What the task requires: From the listing below, reproduce word for word the part that opens with the line containing "Joules polo de" and closes with the line containing "Nova Luce Černé kovové bodové světlo Mao 5"; reproduce nothing else.

Records to process:
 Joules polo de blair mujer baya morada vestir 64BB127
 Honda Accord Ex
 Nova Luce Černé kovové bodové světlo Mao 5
--
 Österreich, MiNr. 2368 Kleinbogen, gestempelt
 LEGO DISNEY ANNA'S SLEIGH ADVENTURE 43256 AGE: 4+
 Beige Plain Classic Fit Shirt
==
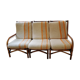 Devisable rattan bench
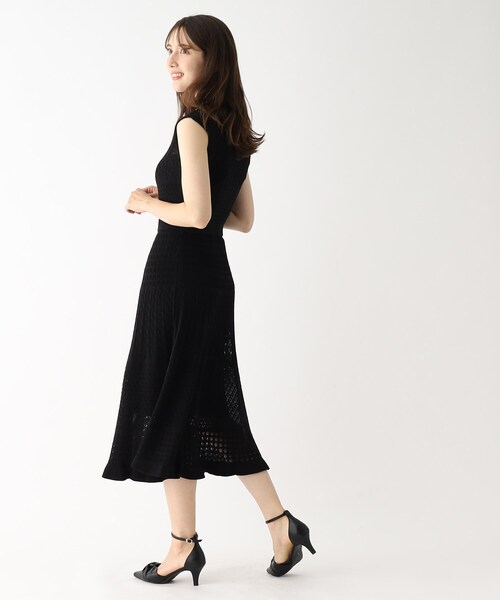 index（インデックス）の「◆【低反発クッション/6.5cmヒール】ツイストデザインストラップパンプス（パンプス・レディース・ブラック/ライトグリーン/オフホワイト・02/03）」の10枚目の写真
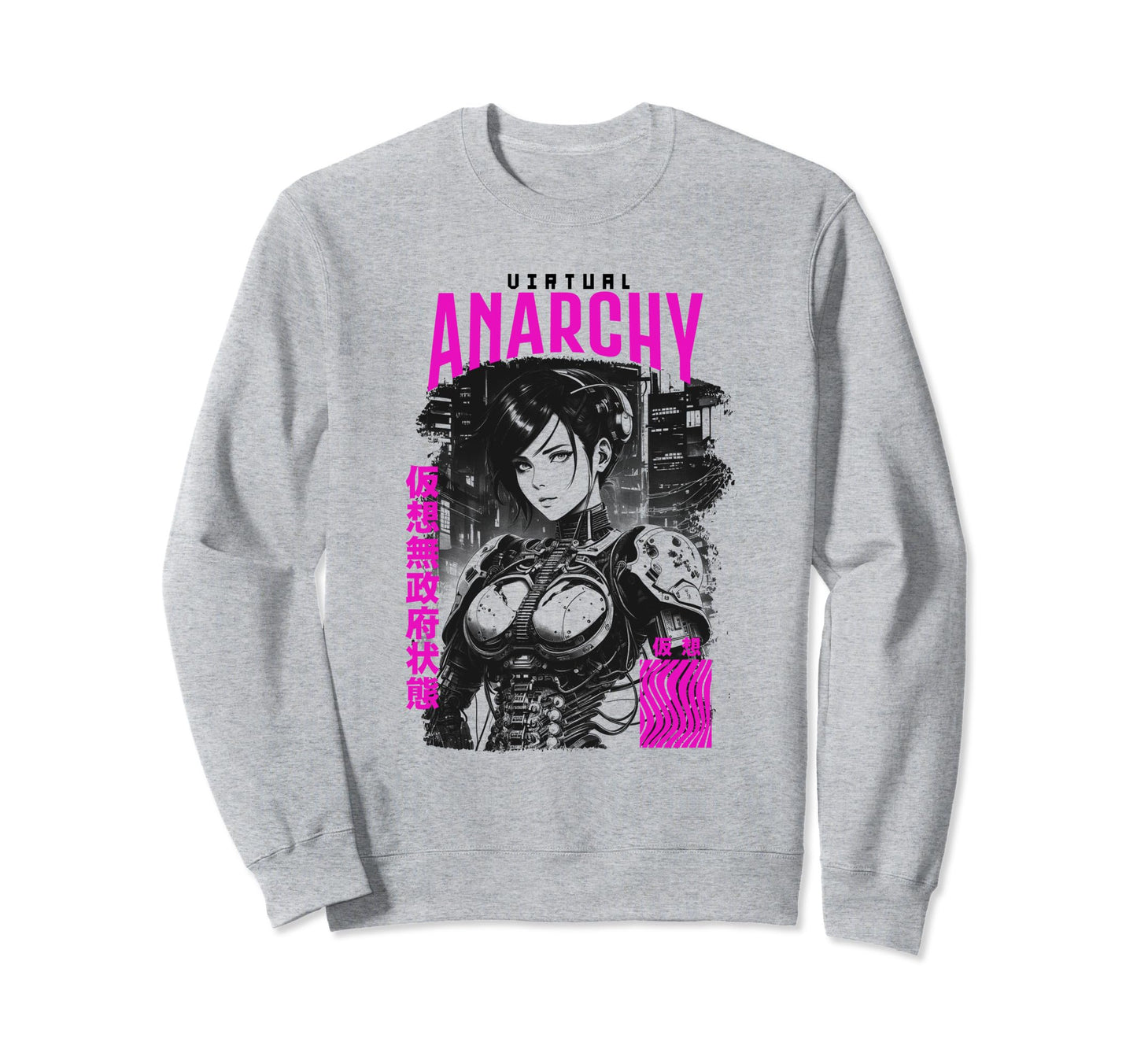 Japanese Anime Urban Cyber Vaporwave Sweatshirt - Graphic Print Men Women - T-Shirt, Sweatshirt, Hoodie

The completed task:
 Joules polo de blair mujer baya morada vestir 64BB127
 Honda Accord Ex
 Nova Luce Černé kovové bodové světlo Mao 5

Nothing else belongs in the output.